═════ INPUT DATA ═════

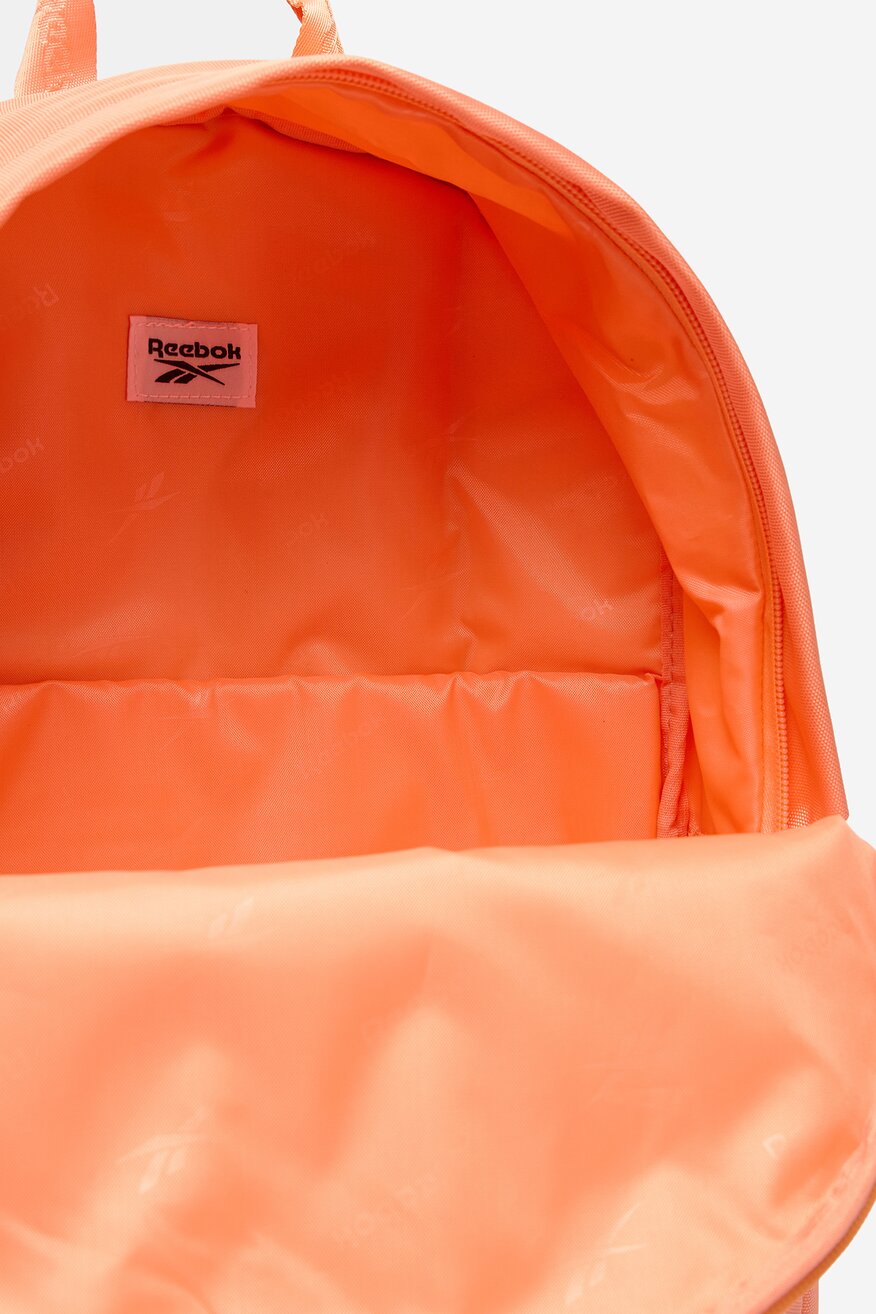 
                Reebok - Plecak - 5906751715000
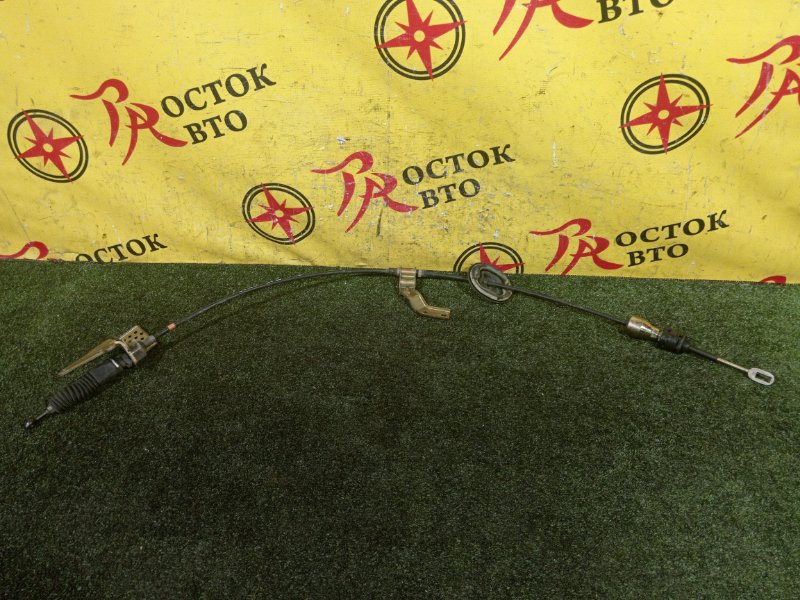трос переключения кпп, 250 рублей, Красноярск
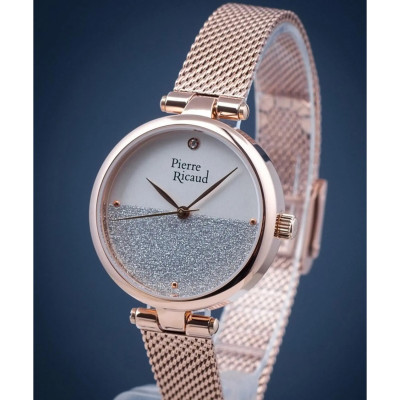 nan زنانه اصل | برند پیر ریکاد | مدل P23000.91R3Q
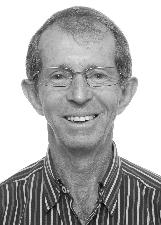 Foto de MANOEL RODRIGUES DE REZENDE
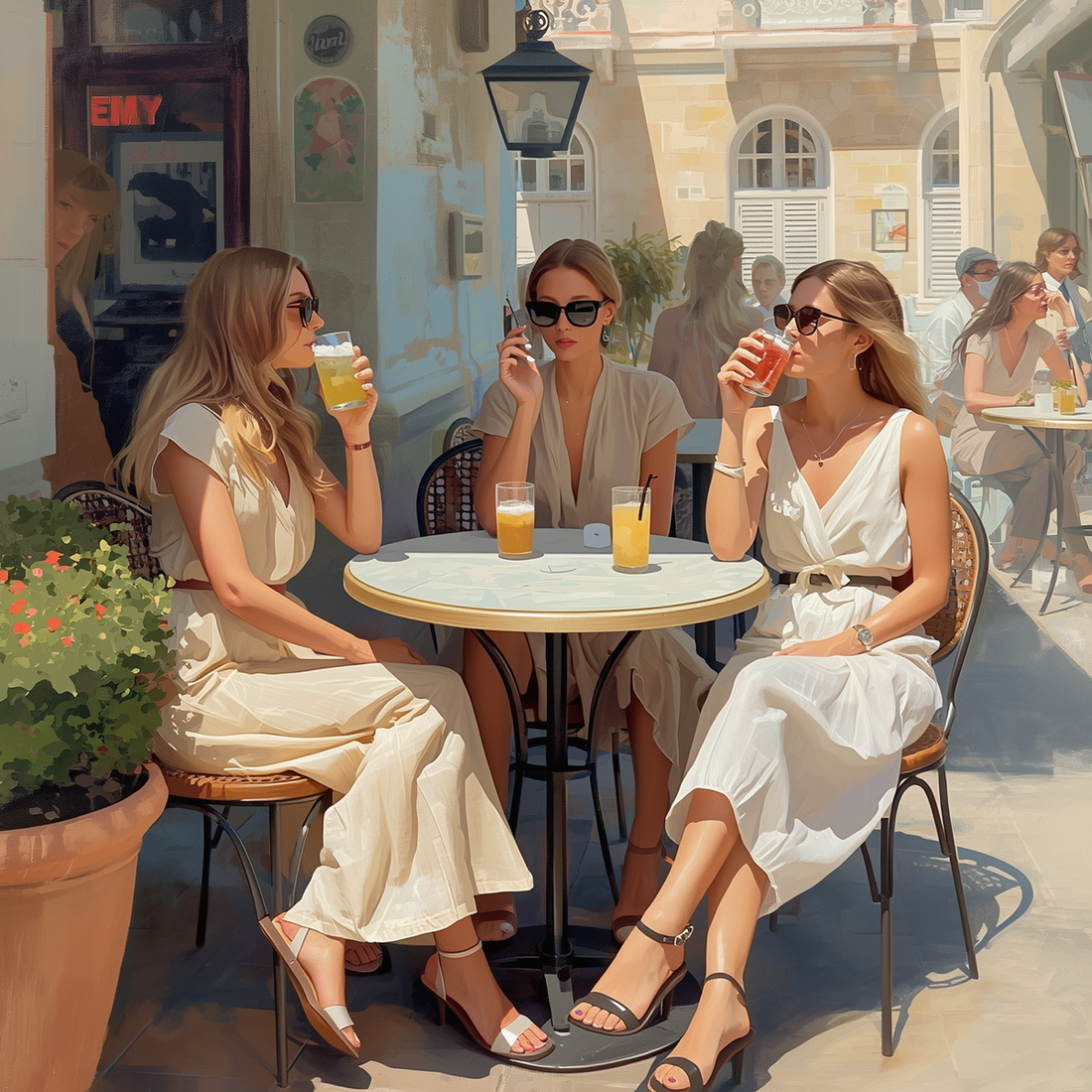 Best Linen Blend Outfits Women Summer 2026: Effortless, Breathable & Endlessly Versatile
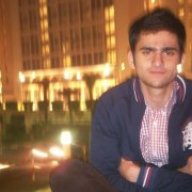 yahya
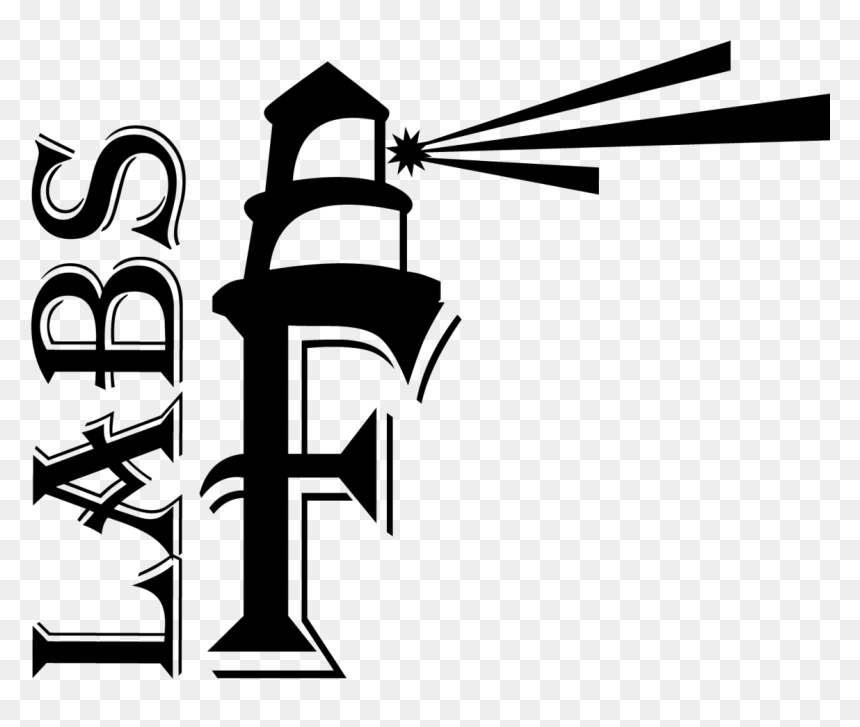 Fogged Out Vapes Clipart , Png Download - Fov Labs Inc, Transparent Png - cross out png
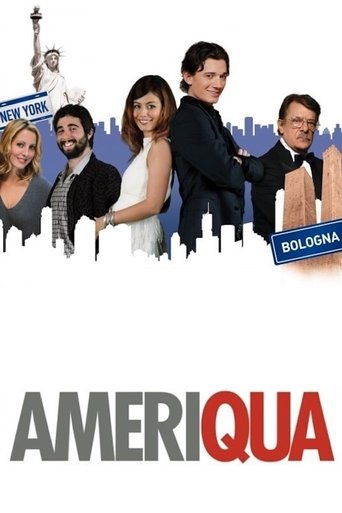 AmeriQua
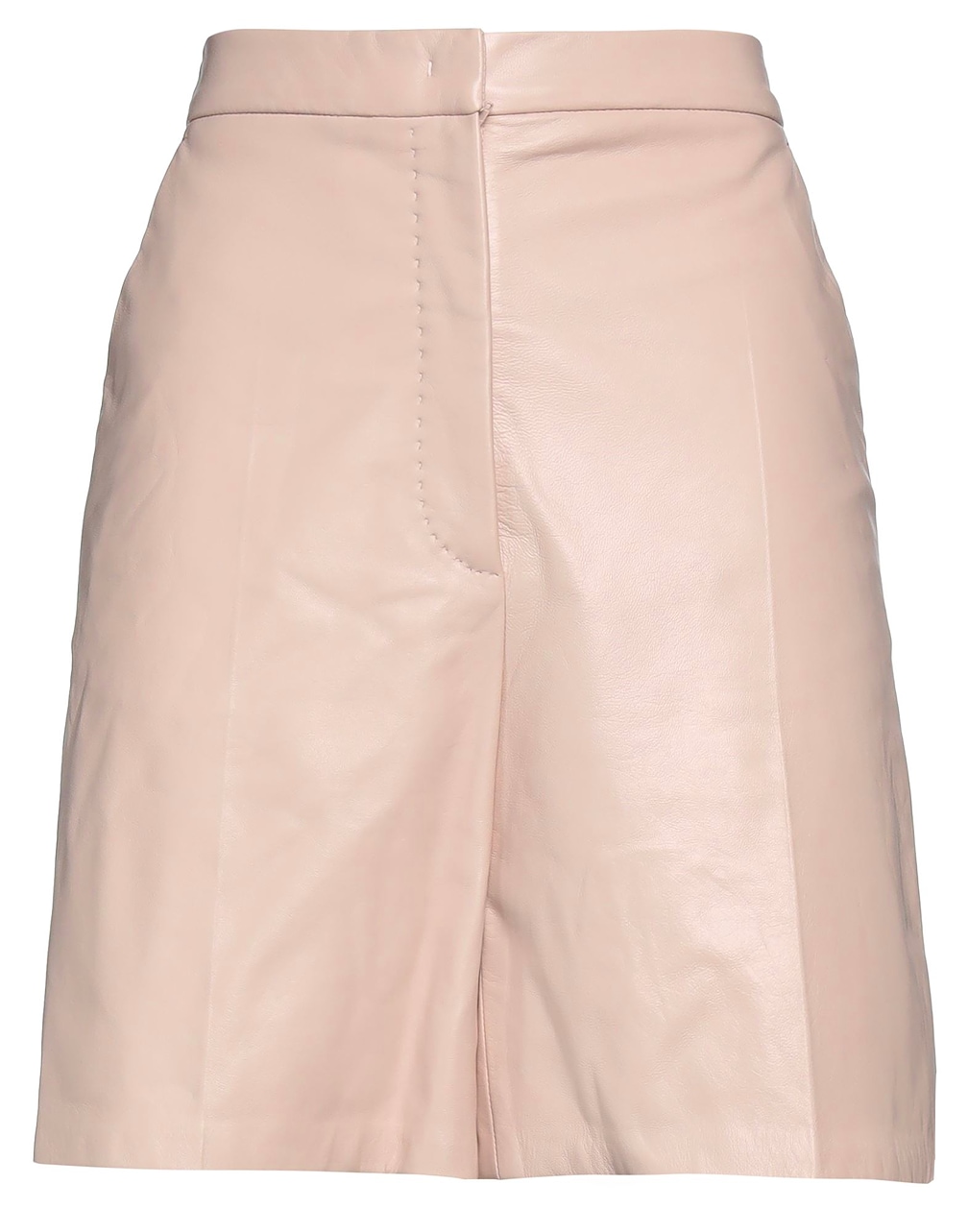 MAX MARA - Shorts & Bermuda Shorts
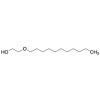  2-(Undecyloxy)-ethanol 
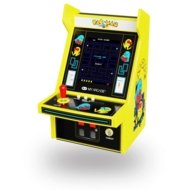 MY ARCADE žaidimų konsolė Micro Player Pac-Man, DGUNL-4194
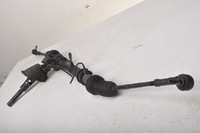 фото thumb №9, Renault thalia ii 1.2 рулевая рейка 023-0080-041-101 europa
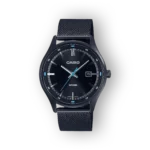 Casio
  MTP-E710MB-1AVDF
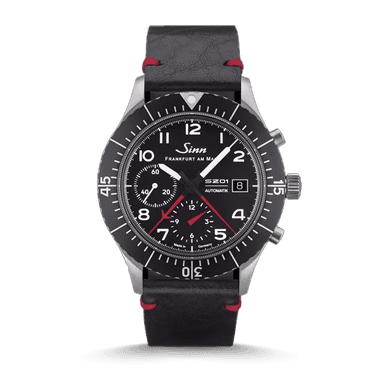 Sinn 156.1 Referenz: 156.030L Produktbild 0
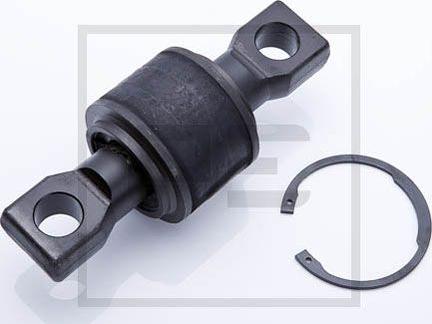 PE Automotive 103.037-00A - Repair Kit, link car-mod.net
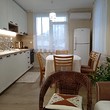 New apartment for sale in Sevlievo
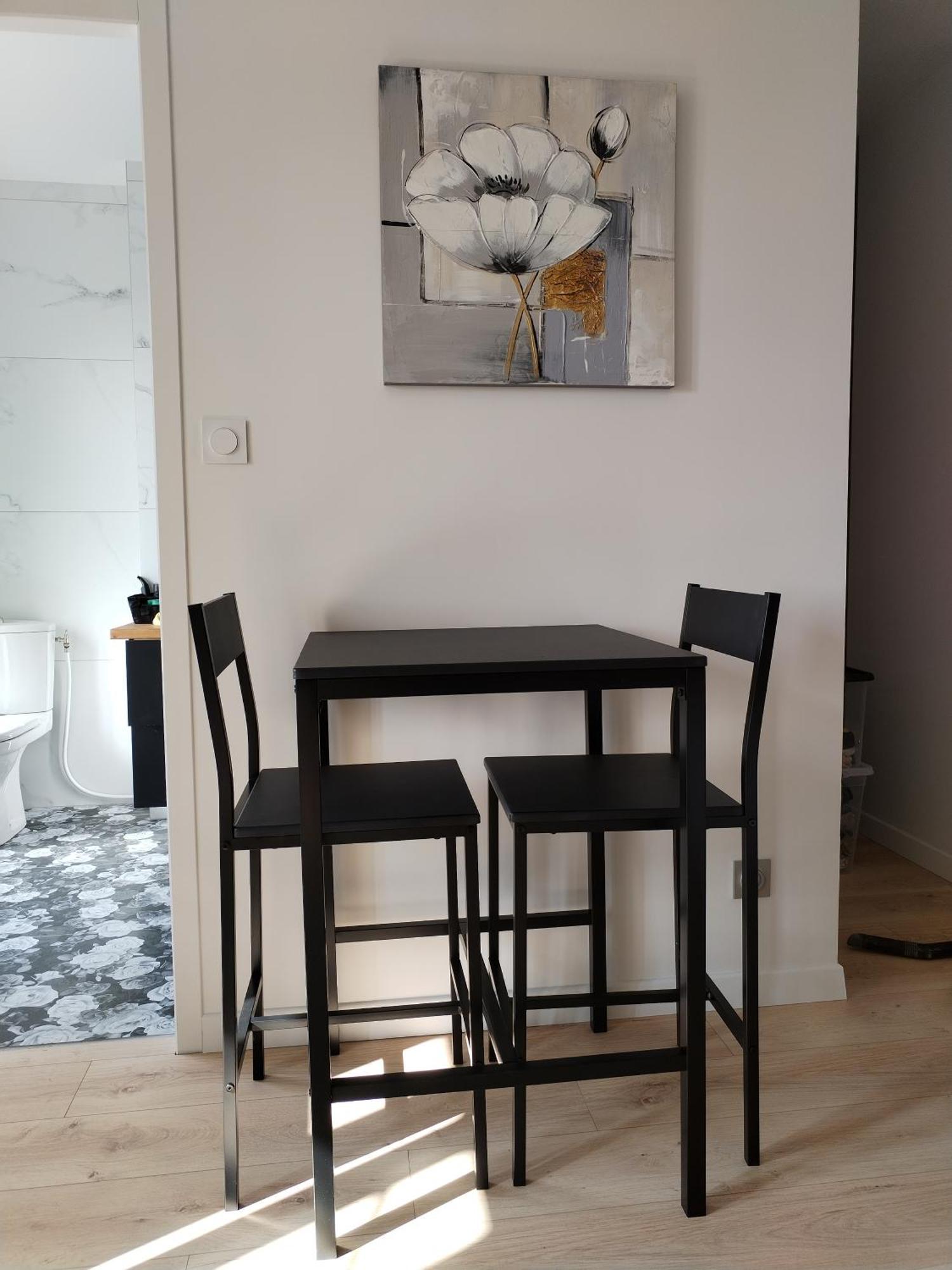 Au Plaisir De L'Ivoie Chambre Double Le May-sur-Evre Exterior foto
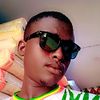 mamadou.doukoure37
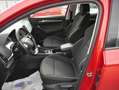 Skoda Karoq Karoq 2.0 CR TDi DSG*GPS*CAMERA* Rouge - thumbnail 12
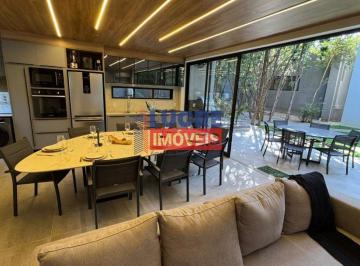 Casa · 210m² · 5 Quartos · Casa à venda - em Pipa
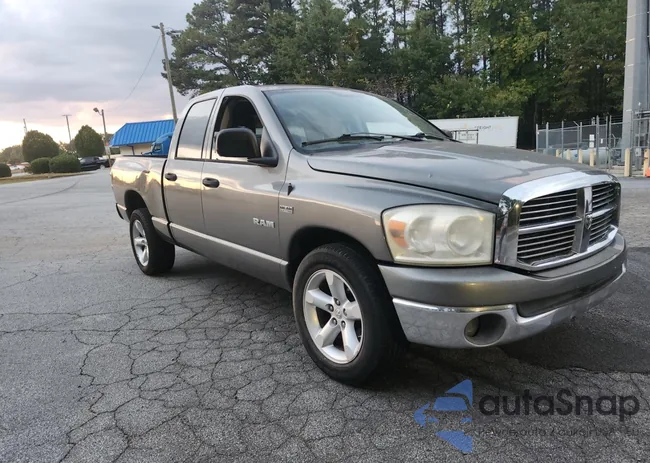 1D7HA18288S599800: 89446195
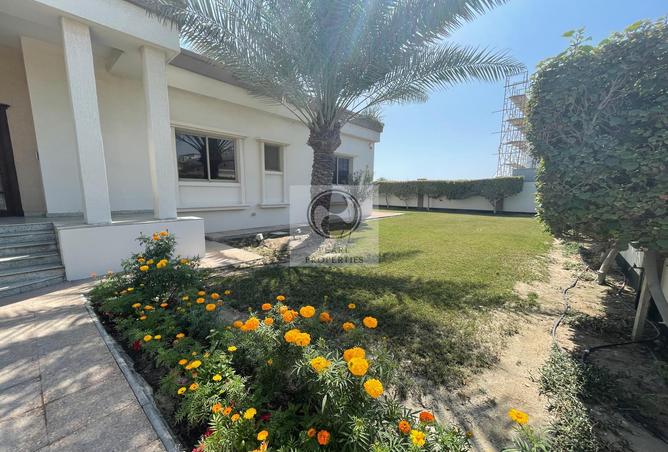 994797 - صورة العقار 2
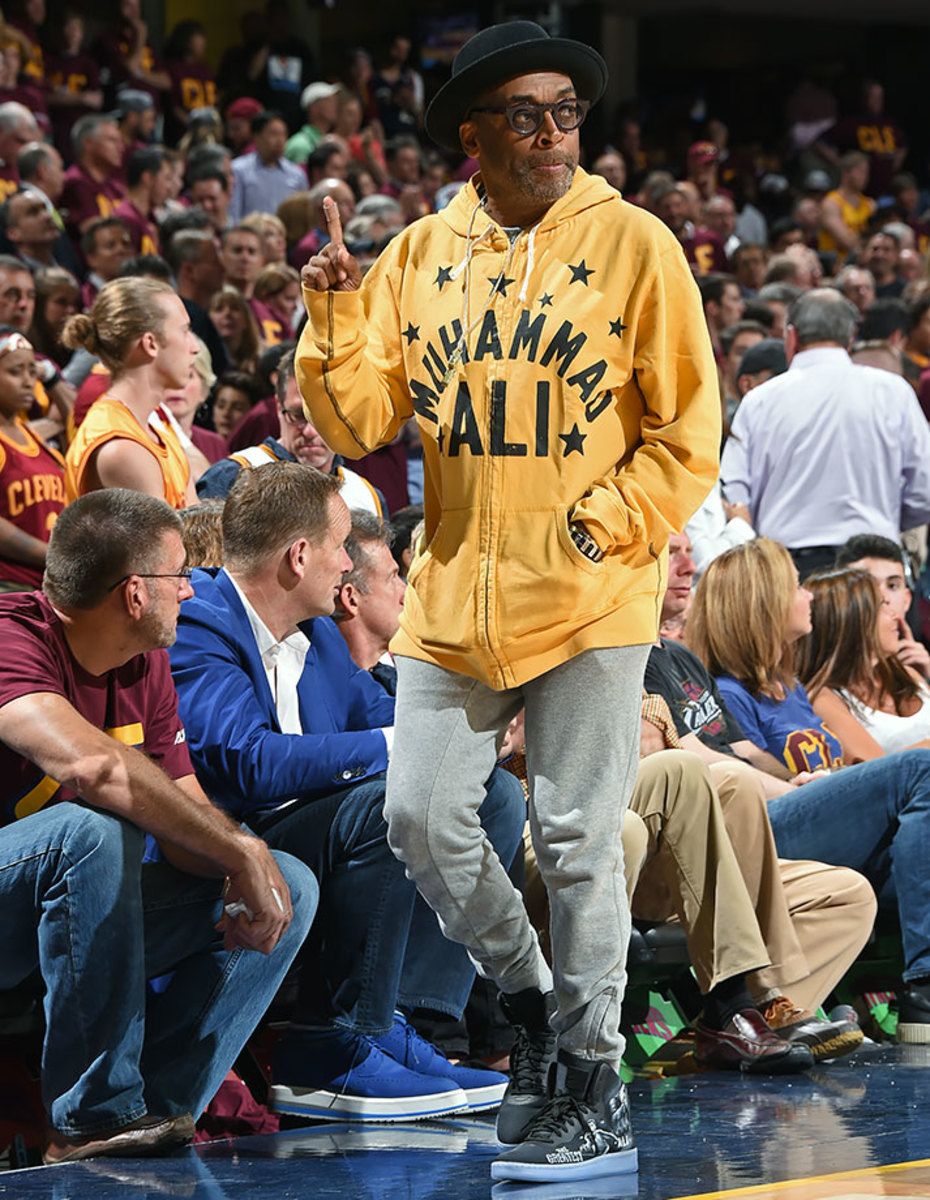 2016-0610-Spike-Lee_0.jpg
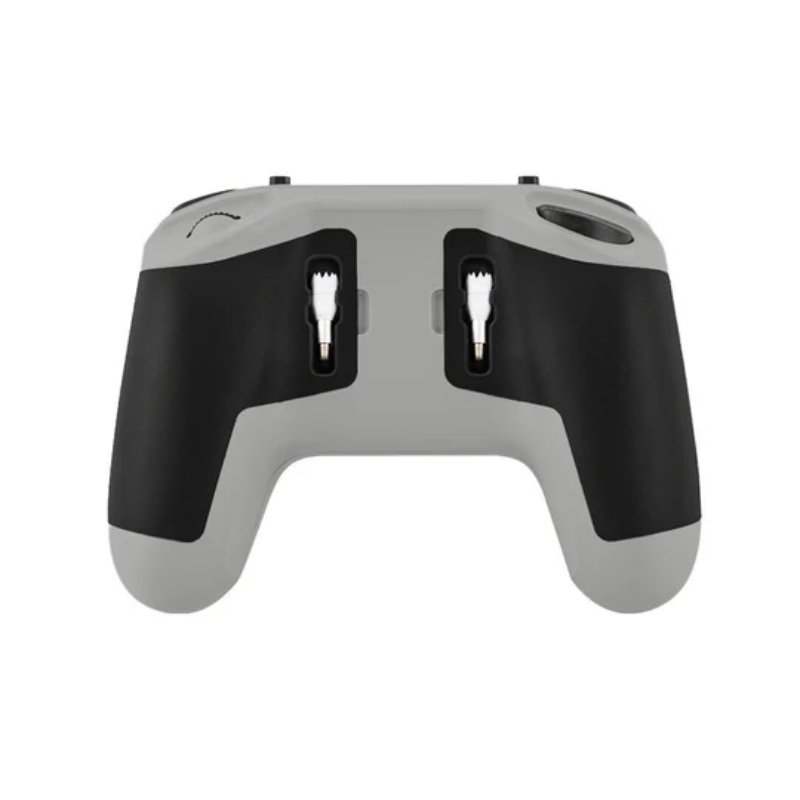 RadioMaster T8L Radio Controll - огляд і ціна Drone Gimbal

═════

__WORK INSTRUCTIONS__
Exactly the lines from the one holding "PE Automotive 103.037-00A" through the last line of the entries must be set down, with nothing added and no pictures.

__PROBLEM SOLUTION__
 PE Automotive 103.037-00A - Repair Kit, link car-mod.net
 New apartment for sale in Sevlievo
 Au Plaisir De L'Ivoie Chambre Double Le May-sur-Evre Exterior foto
 mamadou.doukoure37
 Skoda Karoq Karoq 2.0 CR TDi DSG*GPS*CAMERA* Rouge - thumbnail 12
 Casa · 210m² · 5 Quartos · Casa à venda - em Pipa
 1D7HA18288S599800: 89446195
 994797 - صورة العقار 2
 2016-0610-Spike-Lee_0.jpg
 RadioMaster T8L Radio Controll - огляд і ціна Drone Gimbal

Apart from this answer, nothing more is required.